Em 2017, a Associação Pachamama ajuizou ação judicial perante a Justiça Federal em prol do reconhecimento do Rio Doce enquanto sujeito de direitos embora não tenha sido julgada procedente, este fato demonstra o desejo crescente da sociedade civil que vem se organizando para a superação do paradigma que separa seres humanos e natureza. A lógica antropocêntrica vigente tem se mostrado altamente destrutiva e insustentável, por fundar-se na apropriação dos bens naturais para o acúmulo de capital, em detrimento do bem comum e do equilíbrio entre os seres que habitam a mesma casa, o planeta Terra, em detrimento da continuidade da vida.
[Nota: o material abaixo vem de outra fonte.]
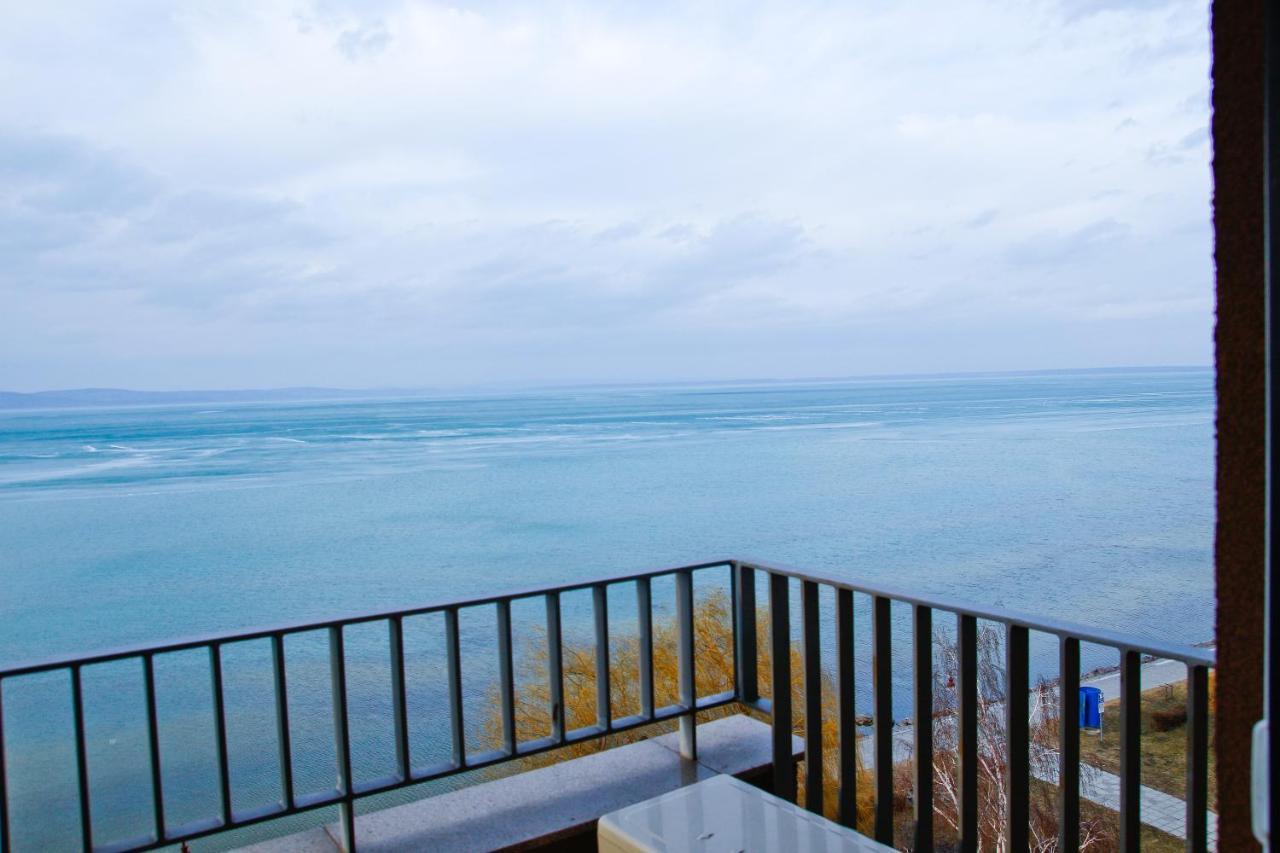 Club 218 Wellness Luxus Apartman Siófok Zewnętrze zdjęcie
Desta forma, os Direitos da Natureza, também chamados de direitos da Mãe Terra ou da Pachamama, partem da visão biocêntrica ou ecocêntrica, inserem-se no contexto de um novo paradigma ético e jurídico, que reconhece a Natureza como detentora de direitos e não como extensão de direitos humanos, de forma utilitarista e passível de ser explorada indiscriminadamente. Não se trata, portanto, do direito humano à natureza, mas do direito da natureza ao meio ambiente ecologicamente equilibrado. Tal perspectiva inspira-se na cosmovisão dos povos originários, que reconhece a interdependência entre os seres e elementos naturais, sejam eles minerais, vegetais, animais ou humanos.
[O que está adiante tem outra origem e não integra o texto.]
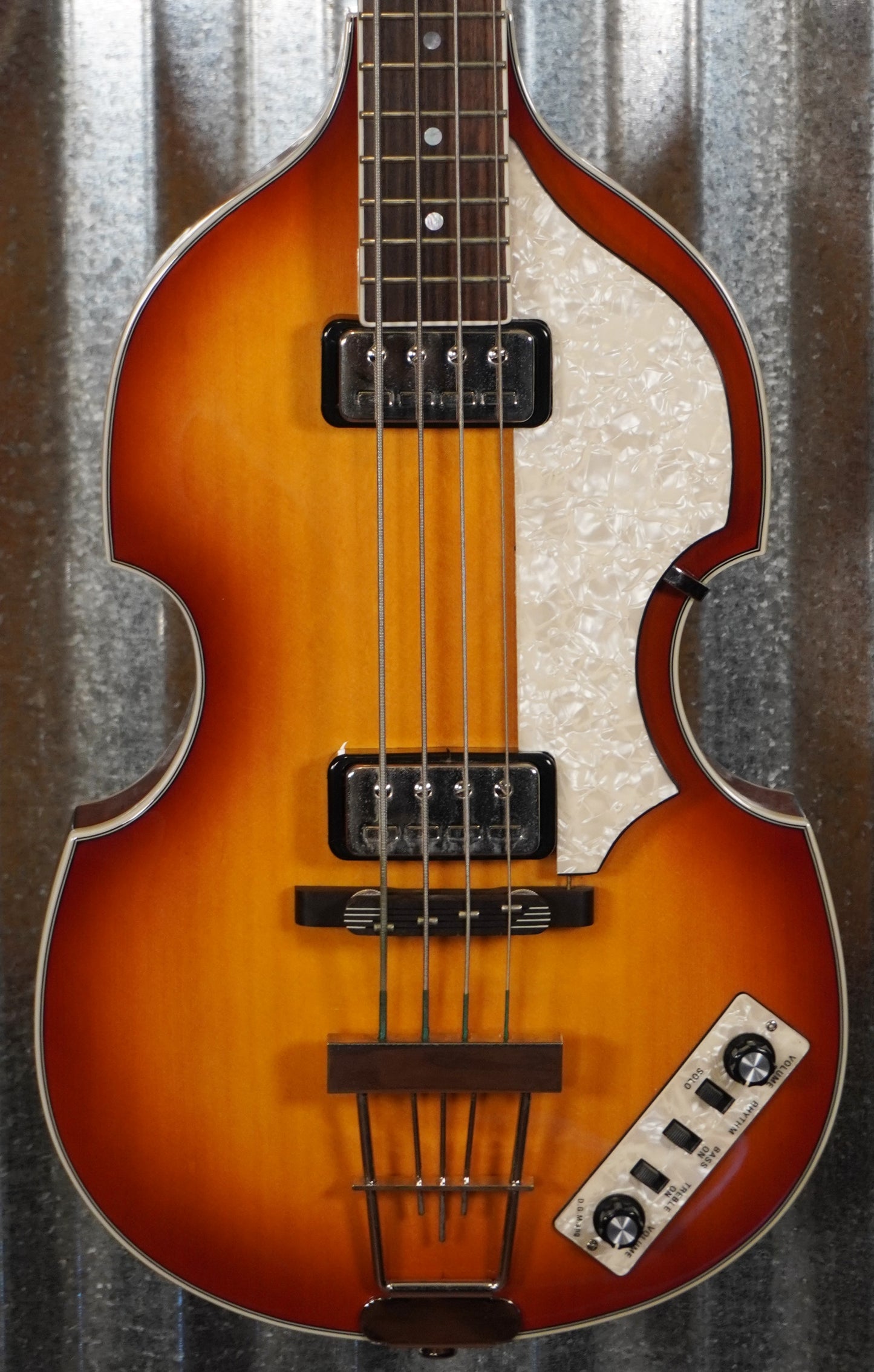 Hofner H500/1-CT Contemporary Series Sunburst 4 String Violin Bass & Case Used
A promulgação da Constituição Federal do Equador em 2008, figura como o marco da institucionalização dos Direitos da Natureza, repercutindo desde então em diversos países, tais como: Bolívia, Argentina, Nova Zelândia, Indonésia, Índia, Colômbia, EUA e Brasil. Nos Municípios brasileiros de Bonito e Paudalho, em Pernambuco, Florianópolis em Santa Catarina e Serro em Minas Gerais, já foram aprovadas legislações que reconhecem os Direitos da Natureza. Nos Estados de São Paulo, Pará, Santa Catarina, Paraíba e Bahia, tramitam proposições nesse sentido. Nesta Casa Legislativa tramita a PEC n° 12/2023 que propõe acrescentar dispositivos à Constituição do Estado de Minas Gerais, que atribui à natureza direitos plenos, intrínsecos e perpétuos, inerentes a sua existência no planeta.
Importante destacar que dada relevância dos Rios, os cursos d'água foram os primeiros elementos naturais a serem reconhecidos como sujeitos de direitos, neste movimento que está se fortalecendo mundialmente. O Rio Laje, localizado no município de Guajará-Mirim, em Rondônia, foi o primeiro rio brasileiro a ter direitos reconhecidos por lei.
Com o reconhecimento dos Direitos do Rio Doce que se busca a partir do presente projeto de Lei, almeja-se o fortalecimento da política comunitária, a valorização das relações interculturais, bem como dos saberes dos povos e comunidades tradicionais, visando políticas públicas capazes de proporcionar programas e projetos para o Bem Viver.
Pela importância da matéria aludida, conto com o apoio dos nobres pares para a aprovação desta proposição.
– Publicado, vai o projeto às Comissões de Justiça e de Meio Ambiente para parecer, nos termos do art. 188, c/c o art. 102, do Regimento Interno.